* WHAT TO DO:
Reproduce the records below exactly, but only between the lines holding "2033 Majorca Drive, Oxnard, California" and "THE HAIR OMG", inclusive.
---
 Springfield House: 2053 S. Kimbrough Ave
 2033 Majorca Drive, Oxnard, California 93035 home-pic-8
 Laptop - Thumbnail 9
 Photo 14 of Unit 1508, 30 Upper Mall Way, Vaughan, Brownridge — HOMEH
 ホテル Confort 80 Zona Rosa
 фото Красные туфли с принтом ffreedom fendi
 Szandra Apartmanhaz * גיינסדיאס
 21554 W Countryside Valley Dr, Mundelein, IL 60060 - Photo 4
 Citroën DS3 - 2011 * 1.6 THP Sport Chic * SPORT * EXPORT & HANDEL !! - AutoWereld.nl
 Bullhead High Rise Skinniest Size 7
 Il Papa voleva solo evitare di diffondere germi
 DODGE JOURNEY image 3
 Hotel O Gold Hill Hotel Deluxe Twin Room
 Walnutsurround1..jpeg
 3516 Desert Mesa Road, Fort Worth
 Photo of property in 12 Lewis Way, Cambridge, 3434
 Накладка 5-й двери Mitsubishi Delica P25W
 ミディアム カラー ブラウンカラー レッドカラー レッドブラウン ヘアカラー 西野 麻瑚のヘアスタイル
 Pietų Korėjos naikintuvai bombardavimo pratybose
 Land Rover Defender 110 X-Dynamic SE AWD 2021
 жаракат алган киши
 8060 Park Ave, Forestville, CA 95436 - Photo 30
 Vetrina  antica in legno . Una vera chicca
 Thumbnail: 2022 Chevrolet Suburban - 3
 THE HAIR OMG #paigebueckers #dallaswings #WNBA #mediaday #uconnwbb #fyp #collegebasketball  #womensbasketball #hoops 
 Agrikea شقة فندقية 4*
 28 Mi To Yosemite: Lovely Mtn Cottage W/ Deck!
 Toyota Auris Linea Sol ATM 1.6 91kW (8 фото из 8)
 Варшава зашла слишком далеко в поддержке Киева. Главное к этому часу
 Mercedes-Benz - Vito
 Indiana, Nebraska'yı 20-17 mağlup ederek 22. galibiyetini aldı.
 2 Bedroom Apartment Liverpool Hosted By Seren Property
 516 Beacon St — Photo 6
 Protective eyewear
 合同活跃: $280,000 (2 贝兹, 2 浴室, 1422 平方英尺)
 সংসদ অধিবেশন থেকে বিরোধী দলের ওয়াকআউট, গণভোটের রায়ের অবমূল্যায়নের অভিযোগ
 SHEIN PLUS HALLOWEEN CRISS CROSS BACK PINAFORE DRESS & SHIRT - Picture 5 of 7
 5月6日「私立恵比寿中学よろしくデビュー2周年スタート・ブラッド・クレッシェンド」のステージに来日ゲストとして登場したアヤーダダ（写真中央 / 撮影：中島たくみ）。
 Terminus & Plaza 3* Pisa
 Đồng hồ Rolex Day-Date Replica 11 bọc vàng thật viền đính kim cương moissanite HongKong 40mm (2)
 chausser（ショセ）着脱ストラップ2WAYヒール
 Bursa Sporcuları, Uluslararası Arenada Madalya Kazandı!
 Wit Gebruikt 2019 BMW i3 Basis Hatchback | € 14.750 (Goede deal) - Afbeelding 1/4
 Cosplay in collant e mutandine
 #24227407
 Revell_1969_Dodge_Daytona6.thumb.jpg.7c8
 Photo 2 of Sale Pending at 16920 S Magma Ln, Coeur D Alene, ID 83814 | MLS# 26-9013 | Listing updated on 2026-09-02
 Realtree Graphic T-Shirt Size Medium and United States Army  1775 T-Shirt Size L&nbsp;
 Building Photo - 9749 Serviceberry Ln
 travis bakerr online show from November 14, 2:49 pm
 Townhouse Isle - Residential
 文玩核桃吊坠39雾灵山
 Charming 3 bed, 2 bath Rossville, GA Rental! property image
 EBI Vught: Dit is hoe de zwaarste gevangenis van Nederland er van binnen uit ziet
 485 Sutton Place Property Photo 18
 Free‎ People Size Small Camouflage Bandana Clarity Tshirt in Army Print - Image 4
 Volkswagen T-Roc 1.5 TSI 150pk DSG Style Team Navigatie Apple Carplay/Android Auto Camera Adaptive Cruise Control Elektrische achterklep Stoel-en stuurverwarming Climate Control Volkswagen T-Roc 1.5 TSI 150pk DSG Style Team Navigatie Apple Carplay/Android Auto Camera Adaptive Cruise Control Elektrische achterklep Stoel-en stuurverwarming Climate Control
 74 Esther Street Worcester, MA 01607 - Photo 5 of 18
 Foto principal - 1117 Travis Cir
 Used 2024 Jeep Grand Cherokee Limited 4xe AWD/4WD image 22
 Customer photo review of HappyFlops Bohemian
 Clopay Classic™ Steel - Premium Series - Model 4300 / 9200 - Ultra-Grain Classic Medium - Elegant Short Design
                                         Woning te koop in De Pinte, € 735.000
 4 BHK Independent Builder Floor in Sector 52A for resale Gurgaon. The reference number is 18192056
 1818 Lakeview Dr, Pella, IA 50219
---
* RESULT:
 2033 Majorca Drive, Oxnard, California 93035 home-pic-8
 Laptop - Thumbnail 9
 Photo 14 of Unit 1508, 30 Upper Mall Way, Vaughan, Brownridge — HOMEH
 ホテル Confort 80 Zona Rosa
 фото Красные туфли с принтом ffreedom fendi
 Szandra Apartmanhaz * גיינסדיאס
 21554 W Countryside Valley Dr, Mundelein, IL 60060 - Photo 4
 Citroën DS3 - 2011 * 1.6 THP Sport Chic * SPORT * EXPORT & HANDEL !! - AutoWereld.nl
 Bullhead High Rise Skinniest Size 7
 Il Papa voleva solo evitare di diffondere germi
 DODGE JOURNEY image 3
 Hotel O Gold Hill Hotel Deluxe Twin Room
 Walnutsurround1..jpeg
 3516 Desert Mesa Road, Fort Worth
 Photo of property in 12 Lewis Way, Cambridge, 3434
 Накладка 5-й двери Mitsubishi Delica P25W
 ミディアム カラー ブラウンカラー レッドカラー レッドブラウン ヘアカラー 西野 麻瑚のヘアスタイル
 Pietų Korėjos naikintuvai bombardavimo pratybose
 Land Rover Defender 110 X-Dynamic SE AWD 2021
 жаракат алган киши
 8060 Park Ave, Forestville, CA 95436 - Photo 30
 Vetrina  antica in legno . Una vera chicca
 Thumbnail: 2022 Chevrolet Suburban - 3
 THE HAIR OMG #paigebueckers #dallaswings #WNBA #mediaday #uconnwbb #fyp #collegebasketball  #womensbasketball #hoops 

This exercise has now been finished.